Lineage-Specific Genome Architecture Links Enhancers and Non-coding Disease Variants to Target Gene Promoters.
Javierre BM., Burren OS., Wilder SP., Kreuzhuber R., Hill SM., Sewitz S., Cairns J., Wingett SW., Várnai C., Thiecke MJ., Burden F., Farrow S., Cutler AJ., Rehnström K., Downes K., Grassi L., Kostadima M., Freire-Pritchett P., Wang F., BLUEPRINT Consortium None., Stunnenberg HG., Todd JA., Zerbino DR., Stegle O., Ouwehand WH., Frontini M., Wallace C., Spivakov M., Fraser P.

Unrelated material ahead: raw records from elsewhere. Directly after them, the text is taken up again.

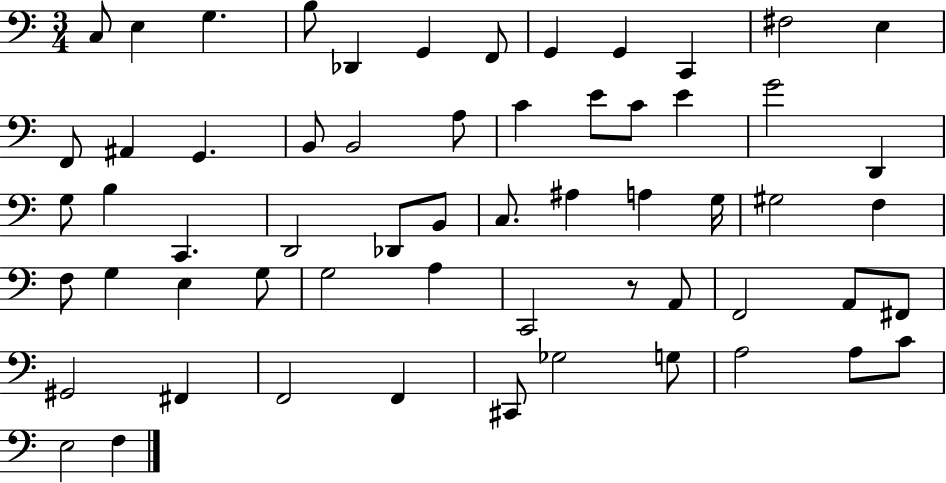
{
  \clef bass
  \numericTimeSignature
  \time 3/4
  \key c \major
  c8 e4 g4. | b8 des,4 g,4 f,8 | g,4 g,4 c,4 | fis2 e4 | \break f,8 ais,4 g,4. | b,8 b,2 a8 | c'4 e'8 c'8 e'4 | g'2 d,4 | \break g8 b4 c,4. | d,2 des,8 b,8 | c8. ais4 a4 g16 | gis2 f4 | \break f8 g4 e4 g8 | g2 a4 | c,2 r8 a,8 | f,2 a,8 fis,8 | \break gis,2 fis,4 | f,2 f,4 | cis,8 ges2 g8 | a2 a8 c'8 | \break e2 f4 | \bar "|."
}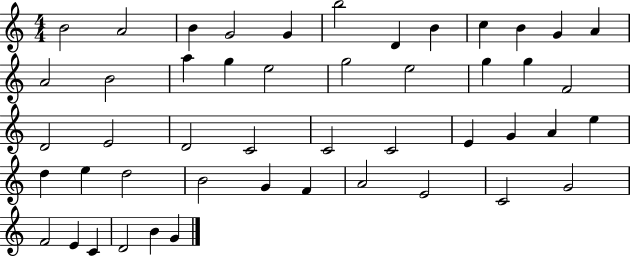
X:1
T:Untitled
M:4/4
L:1/4
K:C
B2 A2 B G2 G b2 D B c B G A A2 B2 a g e2 g2 e2 g g F2 D2 E2 D2 C2 C2 C2 E G A e d e d2 B2 G F A2 E2 C2 G2 F2 E C D2 B G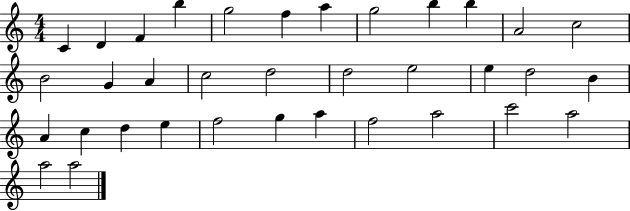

Long-range interactions between regulatory elements and gene promoters play key roles in transcriptional regulation. The vast majority of interactions are uncharted, constituting a major missing link in understanding genome control. Here, we use promoter capture Hi-C to identify interacting regions of 31,253 promoters in 17 human primary hematopoietic cell types. We show that promoter interactions are highly cell type specific and enriched for links between active promoters and epigenetically marked enhancers. Promoter interactomes reflect lineage relationships of the hematopoietic tree, consistent with dynamic remodeling of nuclear architecture during differentiation. Interacting regions are enriched in genetic variants linked with altered expression of genes they contact, highlighting their functional role. We exploit this rich resource to connect non-coding disease variants to putative target promoters, prioritizing thousands of disease-candidate genes and implicating disease pathways. Our results demonstrate the power of primary cell promoter interactomes to reveal insights into genomic regulatory mechanisms underlying common diseases.